For the curve archetype, the similarities are lower overall, but Spearman and cosine are again closest to the Roam Human, with SAX and DTW appearing quite distinct from them:

In our experiment, recommendations from Spearman correlation and cosine similarity were the most similar to Roam Human. However, from our qualitative comparisons, we can see that all these four methods provided agreeable recommendations for the types of shapes.

We must stress also that Roam Humans may not be an ideal gold standard for shape matching. Other measures, such as the within shape-group and between shape-group variation, may give a better idea notion of how "good" the shape comparison measure is. In practice Spearman correlation can be time consuming to calculate in real-time, both methods are not flexible to varying sequence lengths, and as both methods do not involve reducing the sequence lengths, may require a lot of memory for storage.

Hence, we are still SAX (with MINDIST) and DTW supporters. SAX (with MINDIST), together with a human-in-the-loop method, was successfully used to tune hyperparameters in one of our pilot project experiments. However, doing so for this blog-post would have required a lot of human resources.
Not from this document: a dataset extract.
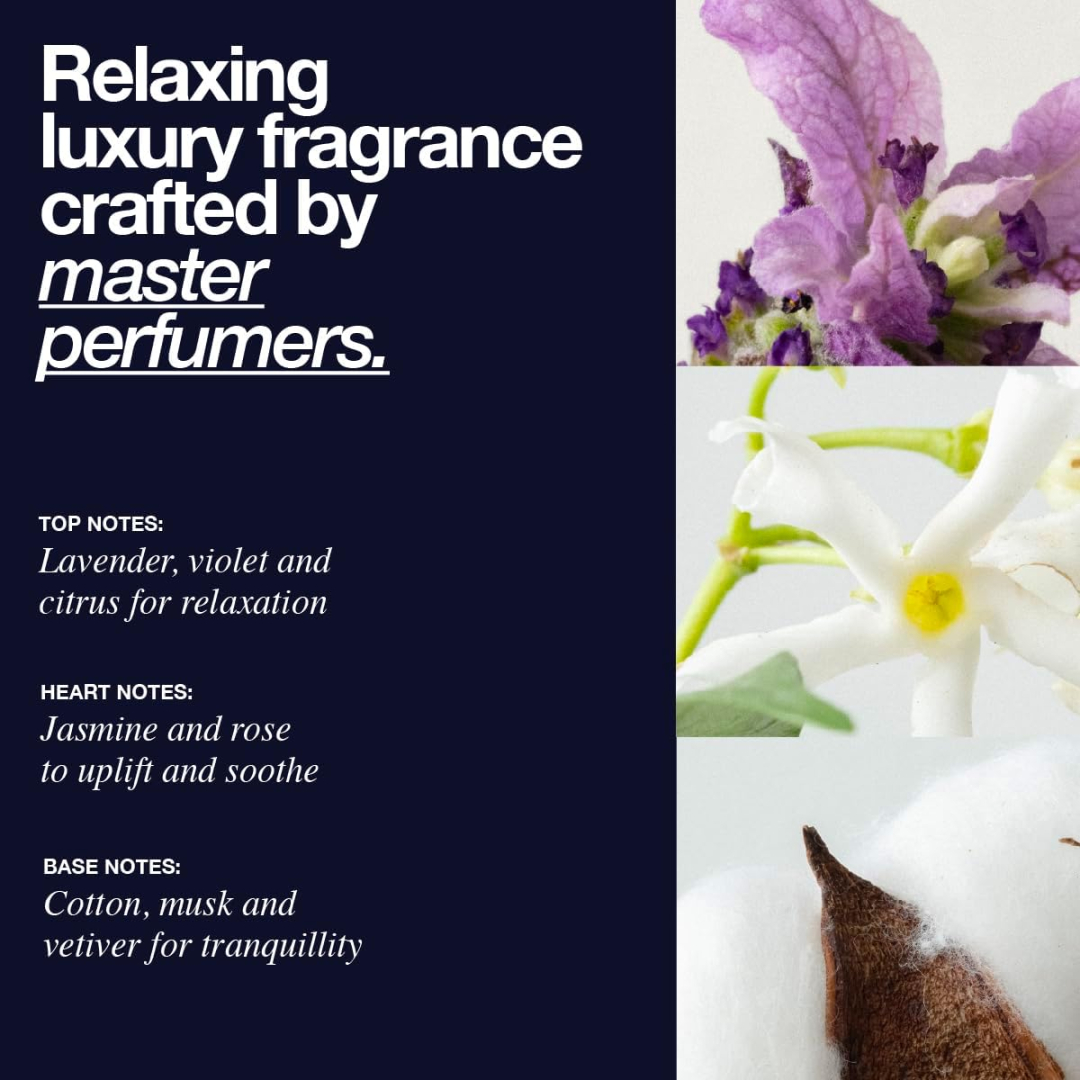 Засіб для прання The Lab Co. Розслаблюючий аромат Relaxing Laundry Detergent (40 прань), 1 л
In the future, we plan to use expert annotations like those of our Roam Humans to tune the hyperparameters for SAX and DTW, which should give both methods an edge.

Clustering sequences

Beyond looking at nearest neighbor sequences to these archetypes, we might also want to bin or group a large number of sequences into similar smaller bins that are natural occurring ones or otherwise.
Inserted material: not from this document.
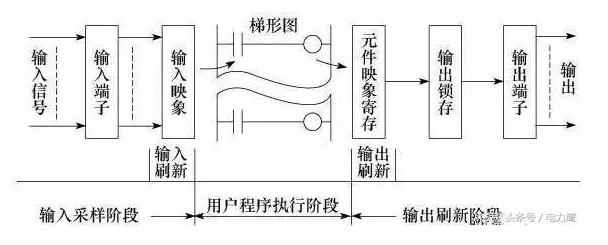 PLC的基本工作原理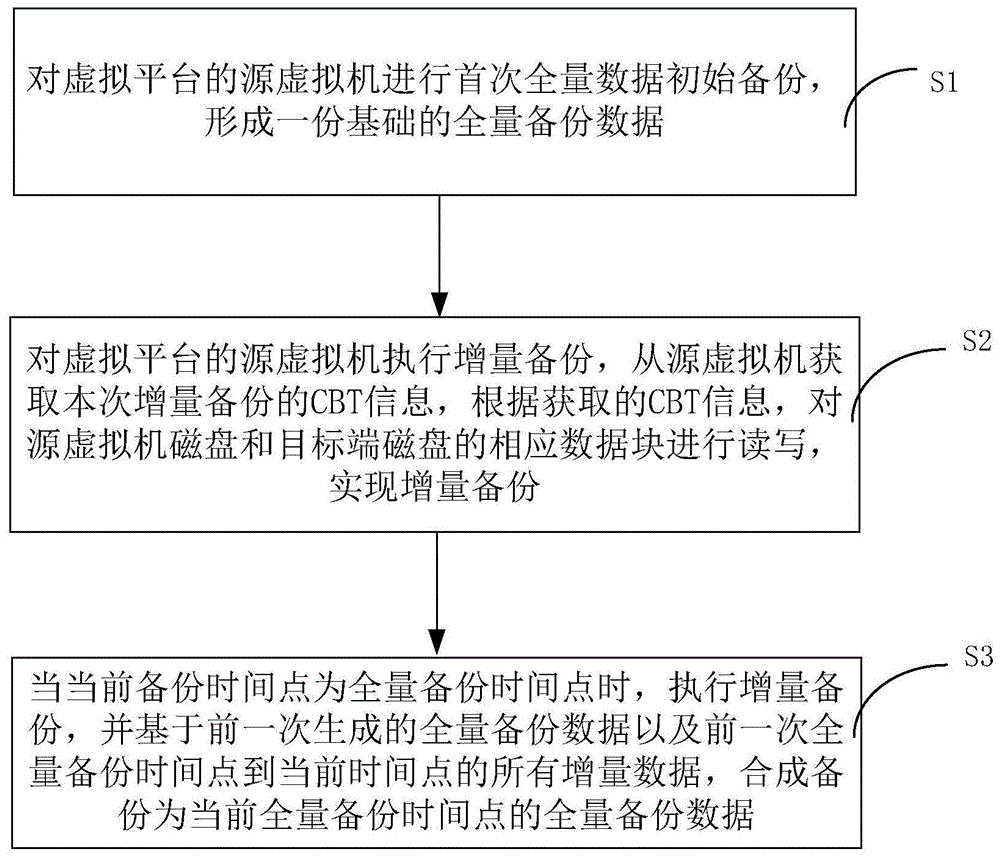 一种虚拟机合成备份方法及系统与流程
For this work, automatic clustering methods such as K-means or Hierarchical Agglomerative Clustering can be used, and experts can be brought in here as well to adjust the output of the clustering algorithm.

Studying the centroids of the resulting clusters can also suggest new shapes to experts, which can be used in futher shape-matching studies.

Key take-aways

  • There are many types of methodologoies used to match shape archetypes which are combinations of pre-processing steps and distance measures.

  • It is important to think about the speed, flexibility and to a lesser extent storage of each method, when selecting a suitable shape-matching methodology.

  • Spearman Correlation and Cosine Similarity were the most similar to Roam Humans. However, Spearman correlation can be costly to compute and both methods are not flexible w.r.t varying lengths in sequences nor are they a good solution for real-time processing of large amounts of sequences.

  • The intermediate alphabet based string output from SAX makes it easy and efficient to store. Hence, SAX is handy when real-time proessing is required, since the pre-computed intermediate results can be used to do real-time MINDIST-calculations very quickly. However, SAX is not sensitive to more intricate patterns in the sequence, and for this purpose, methods such as Cosine Distance or DTW might be more suited.